また、第2期からは「30% Club Japan」の特長でもある、企業を起点とするステークホルダーで社会へ働きかける「統合的アプローチ」が本格稼働し、機関投資家33社から構成されるインベスター・グループ、9大学からなる大学グループと「TOPIX社長会」との連携によるアクションが具体化しています。
5年間の取り組みにより、「TOPIX社長会」参加企業の役員に占める女性比率は国内上場企業の平均を12.5ポイント上回る23%に上昇し、事業責任者や工場長などこれまで女性には不向きとされていたポストへの登用も進むなど、意思決定場面の女性参画が着実に進化しています。
資生堂は、女性活躍推進による同質性からの脱却と、そこから生まれるイノベーションの創出に向け、日本企業の変革をリードしていきます。
「30% Club Japan」のサイトはこちら
資生堂は、2023年に東京都が主催する「東京都くらし方会議」に株式会社資生堂 取締役 常務 チーフD&Iオフィサー 鈴木ゆかり(当時)が委員として全7回参加しました。この会議は、都民の働き方や生き方に関わるさまざまな社会の制度や会社組織の状況などについて、有識者との意見交換を通じて検討を進めることを目的に東京都が設置したものです。第4回目の会議では、当社のDE&Iの取り組みを共有し、女性活躍推進においてさまざまな制度や施策で保護するのではなく、活躍・成長を支援する視点が必要であることを伝えました。また、東京都、山形県、日本商工会議所などが主催する「女性首長によるびじょんネットワークin 栃木」では基調講演に登壇し、社内の女性活躍推進の具体的な取り組みを紹介しました。

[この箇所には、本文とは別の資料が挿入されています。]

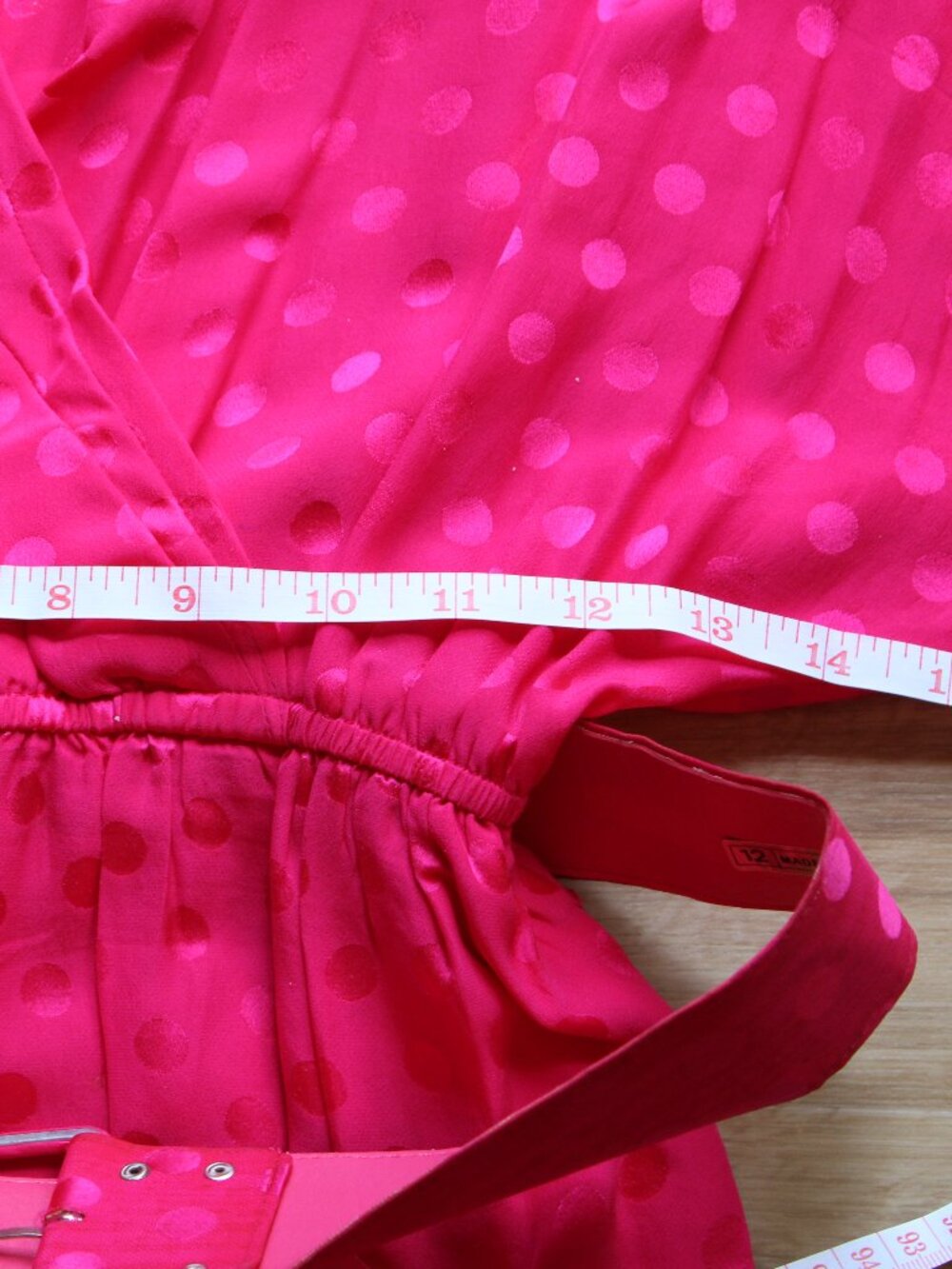 Vintage Liz Claiborne 100% Silk Hot Pink Polka-Dot Long Sleeve Midi Dress - Picture 10 of 16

このほか、企業、地方自治体、大学、省庁、各種団体から、ジェンダー平等や女性活躍推進についての外部講演を依頼され、2023年の講演参加者は延べ7,245名(主催約40社/団体)にのぼりました。講演では、女性リーダー育成のためのトップのコミットメントの重要性をはじめ、資生堂の女性活躍推進の歴史や、意識改革のためのさまざまな人事施策など幅広い内容を取り上げています。代表的なものとしては、福島県主催の「ふくしま女性活躍推進シンポジウム2023」や栃木県主催の「とちぎ女性活躍応援フォーラム 2023」に登壇しました。これからもジェンダー平等の実現に向けて蓄積した資生堂の知見や経験が、社会の変革に役立つよう取り組んでいきます。
資生堂では、「企業が連携して子育て環境を改善していく」という考えに基づき、2017年には企業が持つ事業所内保育所の運営受託を事業の中核としたKODOMOLOGY株式会社を設立し、保育事業をスタートさせました。「カンガルーム汐留(2003年)」※1「カンガルーム掛川(2017年)」の運営に加えて、他企業の事業所内保育所の設立支援、運営も受託しています(静岡県内2施設、神奈川県内1施設)※2。2022年から、男性の育休取得についての新たな法制度の段階的施行を受け、カンガルーム汐留において出産を控えた社員およびパートナーのための育児トレーニング「KODOMOLOGYイクトレ」を開催しています。また、2023年4月より、産前期および乳幼児から小学生までの幅広い年齢層の子どもを持つ当社および提携企業の社員向け子育て支援サービス「KANGAROOM+」(カンガルームプラス)を展開しています。2023年11月には、「KANGAROOM+」において、生後3カ月未満の子どもを持つ社員を対象にした「産後サポートサービス」を開始し、産後ケア専門資格を有するスタッフ(保育士)が社員の自宅に訪問し、産後家族の家事育児をサポートする仕組みを整備しました。
日本における女性研究者の比率は18.3%※1と欧米と比べて低い水準にとどまっています。この現状を改善させるため、資生堂は自然科学分野で世界をリードするイノベーティブな研究に従事する国内の女性研究者を継続して支援しています。2007年より助成制度「資生堂 女性研究者サイエンスグラント」を運営し、16回目となる2023年は10名の女性研究者に対して研究助成金を贈呈しました。この助成金は、研究目的であれば出産や育児などの女性のライフイベントへのサポートにも活用できる柔軟さが特長となっており、これまで延べ159名の研究者の研究成果とキャリア形成に貢献してきました。
2023年は「サステナブルな社会の実現を目指した女性研究者ネットワーク構築」をテーマにした授賞式を資生堂グローバルイノベーションセンター(横浜)で開催しました。女性研究者の現状について、過去の受賞者を対象にアンケート※2を実施したところ、80%以上の研究者が「女性ゆえに困っていることがある」と回答し、「家庭と仕事の両立が困難」「女性研究者が少なく立場が理解されにくい」「周囲に相談・情報交換できる人がいない」という声が多く寄せられました。これらの回答から、日本社会に根づく性別役割分担意識を背景とした家庭と仕事の両立の困難さをはじめ、孤立しやすく、キャリア形成に不安を抱えている女性研究者の実態が浮彫りになりました。一方、助成金が得られたこと以外で本グラントを受賞してよかったことについては、「優秀な他の受賞者との交流が次の発想につながった」「受賞そのものが心の支えになった」「資生堂の研究員と交流がもてた」「周囲から認められるようになった」などがあげられました。